Another example of this paradox: I have a tooth which hurts sporadically. I had a root canal in this molar two years ago and the dentist assured me all the nerves in the tooth were dead and I would never feel sensation in it again. Wrong. Consistently, (occasionally) it starts to throb, a level 2 pain to be honest, but not a zero level either, as promised. The x-ray technician took three different images, all at various angles, to confirm the tooth was in fact, dead. “All looks stable,” she said as she complimented my ability to keep my teeth clean while also pointing out mild dental abrasion where I brushed too hard. The perfectionist in me will not rest until I have no feeling at all in the tooth. “Show me where it hurts,” the dentist said. But of course, it hasn’t hurt at all in the last three weeks since I’ve made the dentist appointment. Please give me the name for this scenario.
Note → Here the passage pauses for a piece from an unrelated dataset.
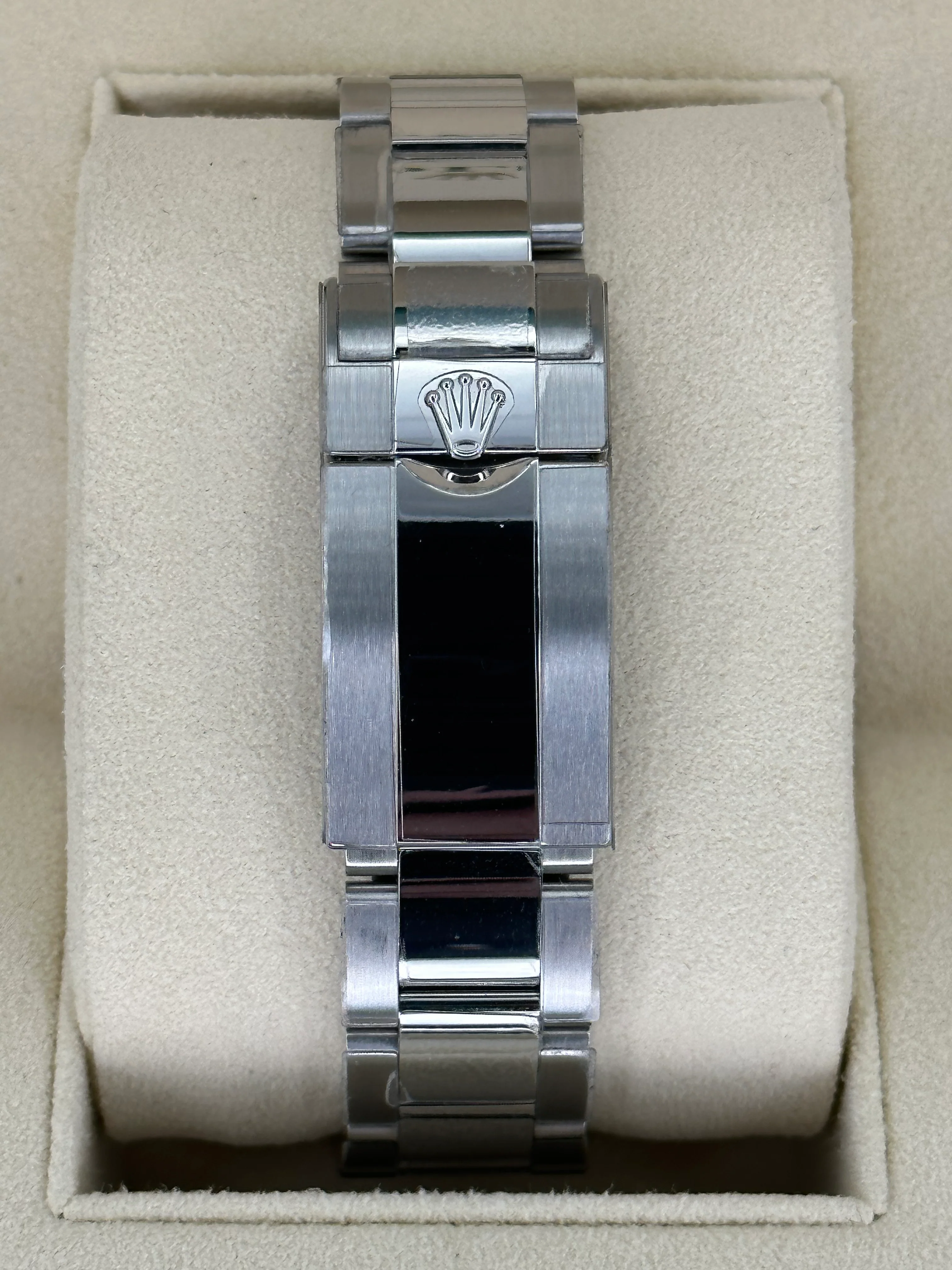 2022 Rolex GMT-Master II "Pepsi" 40mm 126710BLRO Oyster - Image 2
Finally, the technical version; maybe the biggest mystery of all. My iPad wouldn’t update the apps. Each time I tried, the device prompted me for two passwords in succession; it would accept the first one, but reject the second – even though they were the exact same password. I tried resetting the password – three times unsuccessfully and it locked me out of my account. Mike from AppleCare tried to help; he guided me through a reset to restore factory settings. I backed up the information on the iCloud, plugged the gadget into my computer, apple logos lit up and dimmed down, spinning wheels and status bars came and went, and eventually something was downloaded and updated. I did this twice, with Mike calling me back after each time. The technology repair was an epic fail, but on a social level, I thoroughly enjoyed my conversation with Mike from the mountains of Colorado. I appreciated his calm demeanor (Duh, Colorado) and loved hearing about his 11-year-old daughter’s shopping habits at Justice and his obsession with taking photos of his two cats! Would you believe it? Oh, and his wife should actually be the technician, nudge, nudge, because she used to work for Apple and create their memes. (Apple has memes?) We logged over 2.5 hours of call time, and the iPad seemed on the mend. Round 3: Enter the password once, success. Enter it a second time, fail. Not authenticated. Rejected. Locked Out. Mike’s last order of business was to schedule an appointment at the Genius Bar of the Apple Store.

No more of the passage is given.